The Adafruit Grand Central M4 Express is an ARM development board with the form factor of an Arduino Mega. It features 70 GPIO pins, a microSDHC slot and 8MiB of QSPI Flash.

Adafruit Grand Central M4 Express

Adafruit Grand Central M4 Express (Credit: Kattni Rembor / Adafruit)

Hardware

  • ATSAMD51P20A ARM Cortex-M4F processor at 120 MHz

  • 1024 KiB of flash memory and 256 KiB of RAM

  • 8 MiB of QSPI flash

  • A red user LED

  • A RGB “NeoPixel” / WS2812B LED

  • A microSDHC slot (connected via SPI)

  • Native USB port

Supported Features

The adafruit_grand_central_m4_express board configuration supports the following hardware features:

Interface

Controller

Driver/Component

NVIC

on-chip

Nested vector interrupt controller

SYSTICK

on-chip

SysTick

WDT

on-chip

Watchdog

GPIO

on-chip

I/O ports, User LED

UART

on-chip

Serial ports, Console

SPI

on-chip

SPI ports, microSDHC slot

TRNG

on-chip

True Random Number Generator

RTC

on-chip

Real-Time Counter

USB

on-chip

USB device

WDT

on-chip

Watchdog Timer

Other hardware features are not currently supported by Zephyr.

The default configuration can be found in the Kconfig file boards/arm/adafruit_grand_central_m4_express/adafruit_grand_central_m4_express_defconfig.

Connections and IOs

The Adafruit Learning System [1] has detailed information about the board including pinouts [2] and the schematics [3].

System Clock

The SAMD51 MCU is configured to use the 32.768 kHz external oscillator with the on-chip PLL generating the 120 MHz system clock.

Serial Port

The SAMD51 MCU has 8 SERCOM based UARTs. On the Grand Central, SERCOM0 is the Zephyr console and is available on RX(PB25) and TX(PB24).

SPI Port

The SAMD51 MCU has 8 SERCOM based SPIs. On the Grand Central, SERCOM7 has been set into SPI mode to connect to devices over the SCK(PD09), MOSI(PD08), and MISO(PD11) pins. Additionally SERCOM2 has been configured as SPI to access the microSDHC card.

I2C Port

The SAMD51 MCU has 8 SERCOM based I2Cs. On the Grand Central, SERCOM3 has been configured as I2C to connect to devices over the SCL(PB21) and SDA(PB20) pins.

USB Device Port

The SAMD51 MCU has a USB device port that can be used to communicate with a host PC. See the USB device support samples sample applications for more, such as the USB CDC-ACM sample which sets up a virtual serial port that echos characters back to the host PC.

Programming and Debugging

The Grand Central ships with a BOSSA compatible UF2 bootloader. The bootloader can be entered by quickly tapping the reset button twice.

Flashing

  1. Build the Zephyr kernel and the Hello World sample application:

    west build -b adafruit_grand_central_m4_express samples/hello_world
    
  2. Connect the Grand Central to your host computer using USB.
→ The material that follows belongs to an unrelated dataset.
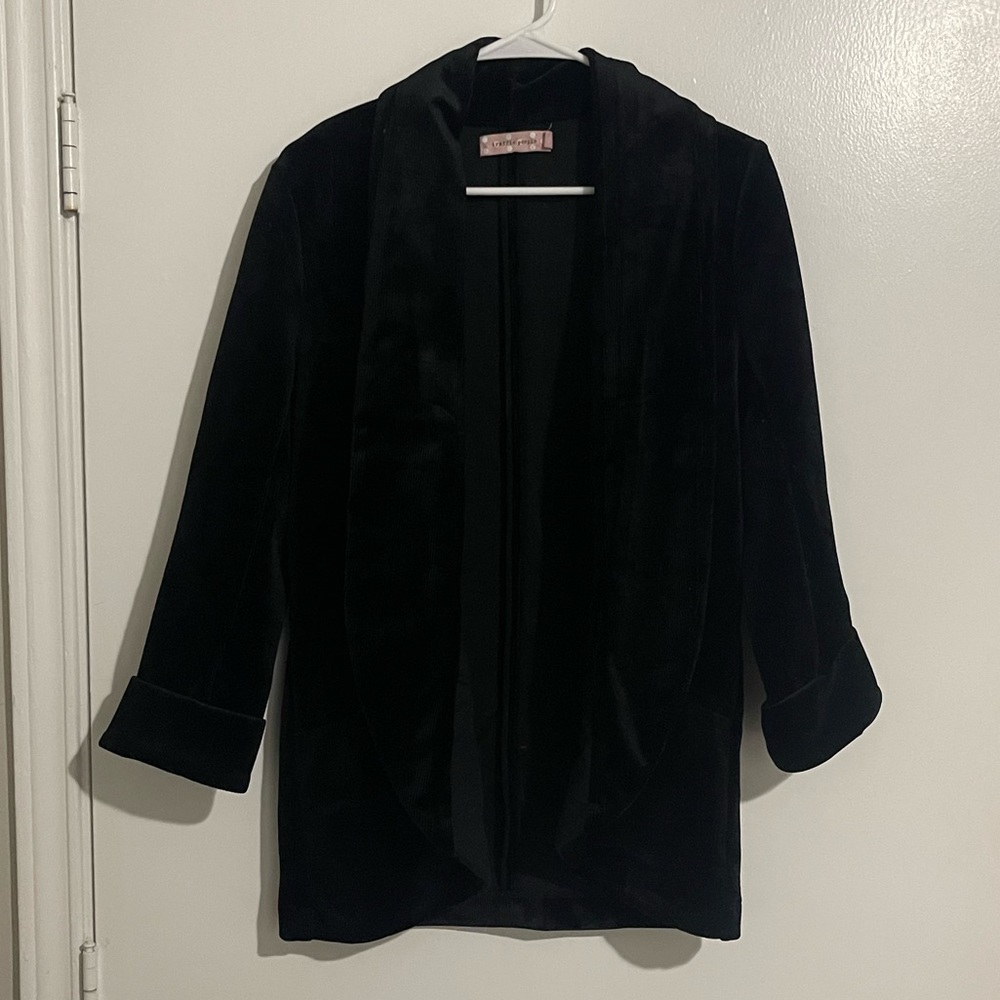 BLACK BOYFRIEND VELVET BLAZER FROM TRAFFIC PEOPLE. Size M.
  3. Connect a 3.3 V USB to serial adapter to the board and to the host. See the Serial Port section above for the board’s pin connections.

  4. Run your favorite terminal program to listen for output. Under Linux the terminal should be /dev/ttyUSB0. For example:

    $ minicom -D /dev/ttyUSB0 -o
    

    The -o option tells minicom not to send the modem initialization string. Connection should be configured as follows:

    • Speed: 115200

    • Data: 8 bits

    • Parity: None

    • Stop bits: 1

  5. Tap the reset button twice quickly to enter bootloader mode

  6. Flash the image:

    west build -b adafruit_grand_central_m4_express samples/hello_world
    west flash
    

    You should see “Hello World! adafruit_grand_central_m4_express” in your terminal.

Debugging

In addition to the built-in bootloader, the Grand Central can be flashed and debugged using a SWD probe such as the Segger J-Link.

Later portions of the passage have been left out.